§ **DATA FOR THIS TASK**:
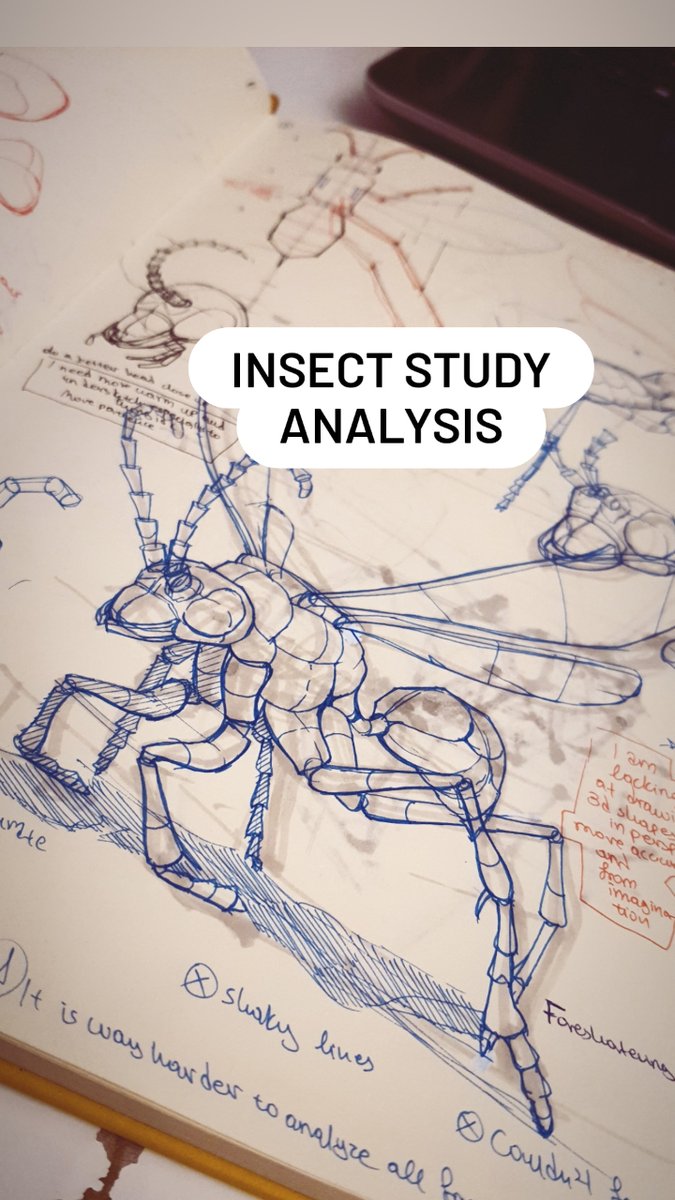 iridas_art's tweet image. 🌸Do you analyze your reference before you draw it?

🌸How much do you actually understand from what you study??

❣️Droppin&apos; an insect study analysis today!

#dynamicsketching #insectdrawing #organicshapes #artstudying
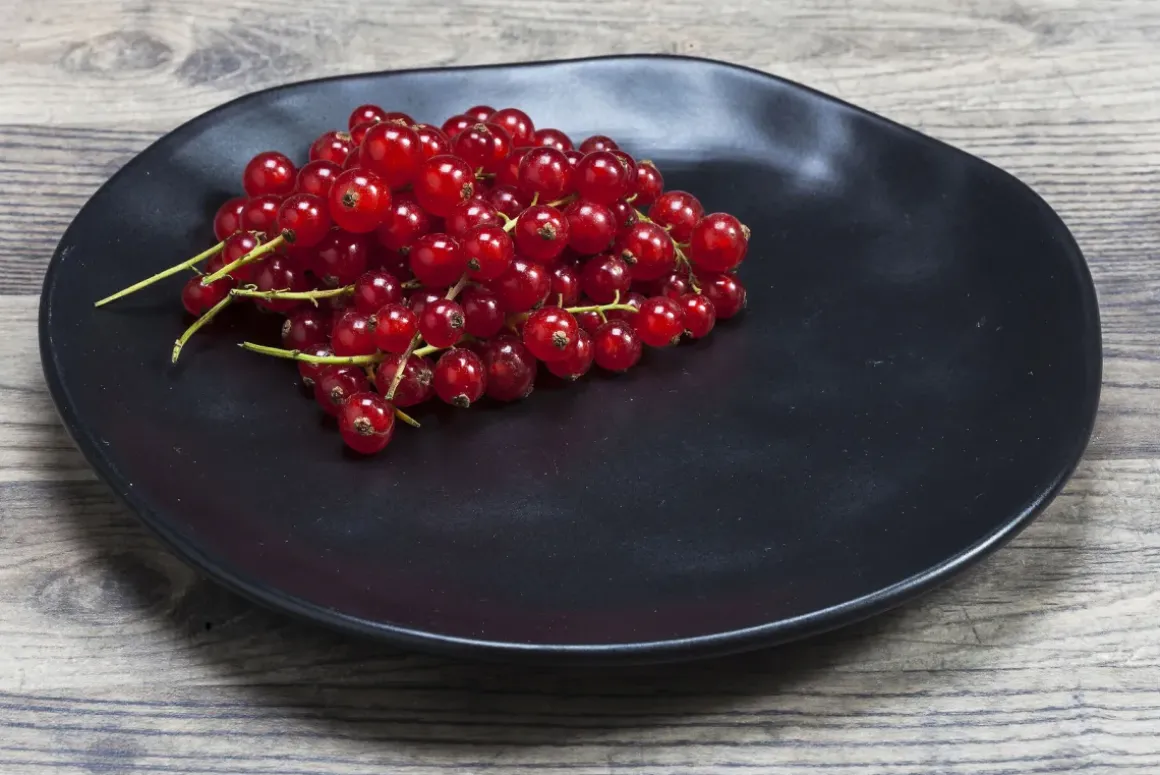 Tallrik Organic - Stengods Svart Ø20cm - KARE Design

§ **WHAT NEEDS TO BE DONE**: Leave out the images and copy all remaining data word for word.

§ **EXERCISE ANSWER**:
 iridas_art's tweet image. 🌸Do you analyze your reference before you draw it?

🌸How much do you actually understand from what you study??

❣️Droppin&apos; an insect study analysis today!

#dynamicsketching #insectdrawing #organicshapes #artstudying
 Tallrik Organic - Stengods Svart Ø20cm - KARE Design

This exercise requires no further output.